▶ [Task description] Ignoring every picture, transcribe the data in full as it stands.

▶ [Data section]
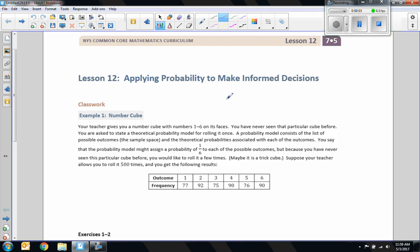Hi there, Mr. Holcomb here with another episode of The Math Behind the Modules. This is lesson 12, Applying Probability to Make Informed Decisions.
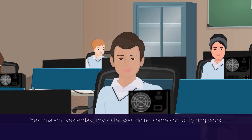Yes, ma'am. Yesterday my sister was doing some sort of typing work.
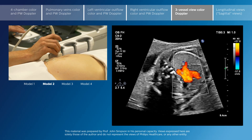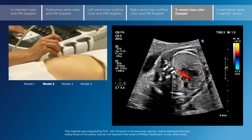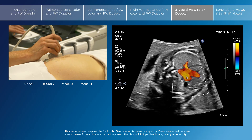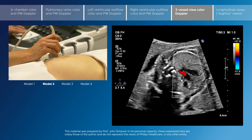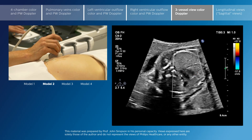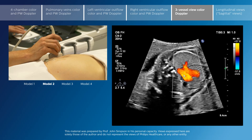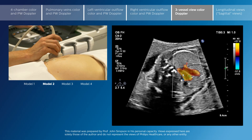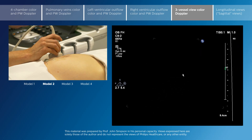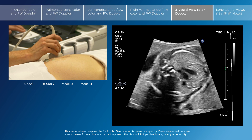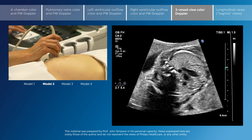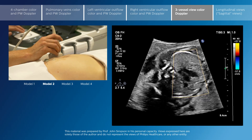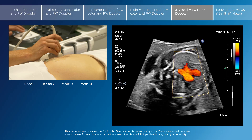These arteries should have the same color flow — the flow should be going in the same direction. Any major asymmetry in the size of the vessels, or a difference in their color flow direction, can indicate an underlying cardiac defect.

▶ [Result below]
Hi there, Mr. Holcomb here with another episode of The Math Behind the Modules. This is lesson 12, Applying Probability to Make Informed Decisions.
Yes, ma'am. Yesterday my sister was doing some sort of typing work.
These arteries should have the same color flow — the flow should be going in the same direction. Any major asymmetry in the size of the vessels, or a difference in their color flow direction, can indicate an underlying cardiac defect.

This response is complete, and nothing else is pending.